• Problem: Repeat the stretch of entries below from the line with "Sagres Ribbed Organic Crewneck Sweater" through the line with "Moda tasarım vektör arkaplanı boşluk". Include both ends and add nothing.

(Records excerpted from a collection)
_ _ _ _ _

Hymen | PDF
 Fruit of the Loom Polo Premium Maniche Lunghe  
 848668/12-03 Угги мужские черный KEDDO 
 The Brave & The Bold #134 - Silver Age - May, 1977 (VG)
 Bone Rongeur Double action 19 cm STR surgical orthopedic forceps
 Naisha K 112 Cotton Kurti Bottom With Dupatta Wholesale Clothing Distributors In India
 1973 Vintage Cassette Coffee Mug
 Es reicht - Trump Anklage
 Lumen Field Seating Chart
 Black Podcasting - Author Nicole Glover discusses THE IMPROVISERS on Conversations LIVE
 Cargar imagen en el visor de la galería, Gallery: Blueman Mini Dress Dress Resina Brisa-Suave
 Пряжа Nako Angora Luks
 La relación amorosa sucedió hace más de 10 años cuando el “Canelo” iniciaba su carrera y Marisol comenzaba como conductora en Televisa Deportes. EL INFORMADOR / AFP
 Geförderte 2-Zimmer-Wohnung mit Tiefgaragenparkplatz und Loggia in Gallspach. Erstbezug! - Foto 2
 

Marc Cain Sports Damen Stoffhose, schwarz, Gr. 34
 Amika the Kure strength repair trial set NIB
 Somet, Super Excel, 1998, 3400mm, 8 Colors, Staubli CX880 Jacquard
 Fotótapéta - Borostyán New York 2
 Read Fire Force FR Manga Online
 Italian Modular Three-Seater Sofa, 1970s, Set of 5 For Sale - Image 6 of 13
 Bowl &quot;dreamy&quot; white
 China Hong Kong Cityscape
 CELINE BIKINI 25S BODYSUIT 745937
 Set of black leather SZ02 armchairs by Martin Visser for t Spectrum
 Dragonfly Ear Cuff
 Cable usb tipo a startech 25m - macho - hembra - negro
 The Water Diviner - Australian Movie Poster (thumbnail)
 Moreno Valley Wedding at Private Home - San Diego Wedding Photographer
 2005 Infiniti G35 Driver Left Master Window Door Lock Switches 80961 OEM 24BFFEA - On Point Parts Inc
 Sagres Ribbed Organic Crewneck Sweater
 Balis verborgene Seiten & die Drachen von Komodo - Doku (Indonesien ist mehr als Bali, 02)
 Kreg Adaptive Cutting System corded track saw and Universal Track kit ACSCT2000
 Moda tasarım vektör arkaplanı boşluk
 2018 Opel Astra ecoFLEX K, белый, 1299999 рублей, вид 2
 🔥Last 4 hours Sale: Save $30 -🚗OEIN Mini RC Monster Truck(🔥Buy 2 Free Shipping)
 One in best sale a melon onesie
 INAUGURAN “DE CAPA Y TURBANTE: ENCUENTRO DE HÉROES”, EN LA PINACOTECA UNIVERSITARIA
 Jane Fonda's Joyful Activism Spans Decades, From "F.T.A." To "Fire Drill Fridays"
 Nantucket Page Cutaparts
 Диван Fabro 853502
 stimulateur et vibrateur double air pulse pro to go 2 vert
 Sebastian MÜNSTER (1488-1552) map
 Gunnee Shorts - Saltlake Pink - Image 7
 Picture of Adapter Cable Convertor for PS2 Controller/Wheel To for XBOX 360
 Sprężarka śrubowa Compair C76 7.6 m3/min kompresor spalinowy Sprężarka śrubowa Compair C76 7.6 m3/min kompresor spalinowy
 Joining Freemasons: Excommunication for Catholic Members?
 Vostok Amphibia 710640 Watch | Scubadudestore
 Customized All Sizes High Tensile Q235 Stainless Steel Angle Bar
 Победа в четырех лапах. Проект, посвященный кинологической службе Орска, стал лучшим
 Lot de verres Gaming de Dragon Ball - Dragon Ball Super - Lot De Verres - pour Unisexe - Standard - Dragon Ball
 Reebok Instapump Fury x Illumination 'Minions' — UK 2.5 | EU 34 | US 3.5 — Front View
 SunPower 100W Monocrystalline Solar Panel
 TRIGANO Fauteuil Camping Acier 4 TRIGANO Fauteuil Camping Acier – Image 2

_ _ _ _ _

• Solution below:
 Sagres Ribbed Organic Crewneck Sweater
 Balis verborgene Seiten & die Drachen von Komodo - Doku (Indonesien ist mehr als Bali, 02)
 Kreg Adaptive Cutting System corded track saw and Universal Track kit ACSCT2000
 Moda tasarım vektör arkaplanı boşluk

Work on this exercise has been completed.